Location: Ponte Vedra Beach FL
14,617 posts, read 21,424,579 times
Reputation: 6794
Quote:
Originally Posted by Ariadne22 View Post
Original Medicare will only pay for mole removal if a biopsy is done and it's cancerous - that's what Robyn posted quite a while back - irrc. So, Medicare doesn't pay for preventive mole removal at all.

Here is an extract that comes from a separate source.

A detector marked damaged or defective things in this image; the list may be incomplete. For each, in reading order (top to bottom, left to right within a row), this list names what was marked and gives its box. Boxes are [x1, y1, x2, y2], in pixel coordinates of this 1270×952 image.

I'm on Advantage and my doc (in his office) used liquid nitrogen to remove a whole bunch (just like my deceased aunt, I'm getting the darn things everywhere). I've got a whole bunch of new ones that need to be removed, now. UHC paid him $165, I paid $40. That was it. There is nothing in my plan changes for 2014 about outpatient surgery, at all. Don't know how I never had to pay for this, but I didn't.

Well, for zero premium, I figure I'll have to pay for some things. That, or go on a Medigap at a cost of $2500/yr, minimum, or a HD-Plan F for $700/yr, with a $2,050 deductible. Somehow, paying $200/mo. for a Medigap plus $105 for Part B doesn't appeal. Nor does $700/yr, and still be exposed to $2,050 oops.

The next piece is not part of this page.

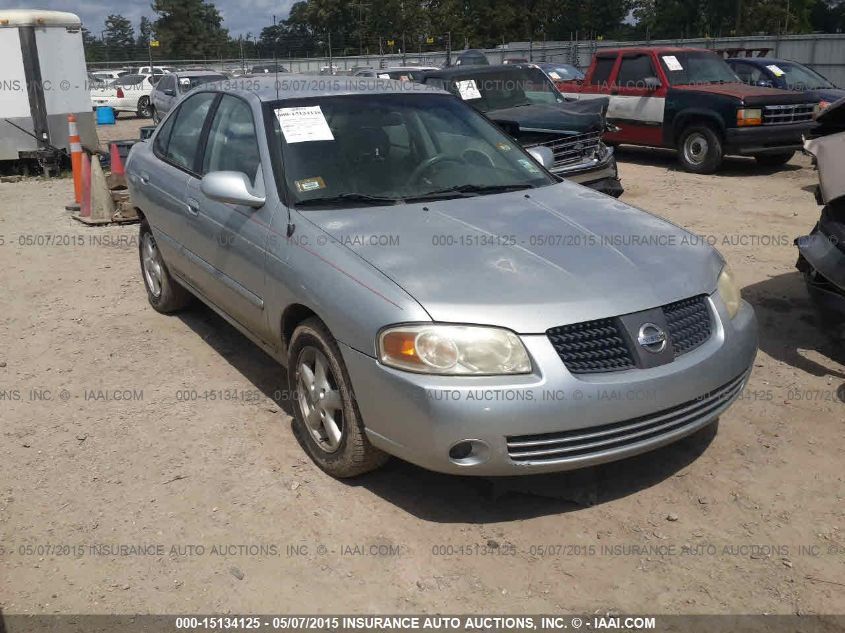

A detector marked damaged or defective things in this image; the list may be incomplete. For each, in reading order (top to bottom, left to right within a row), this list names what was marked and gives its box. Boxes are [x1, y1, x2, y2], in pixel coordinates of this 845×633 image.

There's no free lunch when it comes to health care.
Nope - I didn't say anything about moles (I have a few small ones - but I've never had one removed). I did have skin cancer surgery (Mohs) pre-Medicare - and my insurance covered that. I've had non-cancerous sebaceous cysts removed post-Medicare (by a plastic surgeon) - and Medicare covered those procedures (based on the size/locations of the cysts - they were painful and somewhat debilitating). Guess the issue for any type of insurance is whether you're doing something for cosmetic reasons (not covered) - or non-cosmetic reasons (covered).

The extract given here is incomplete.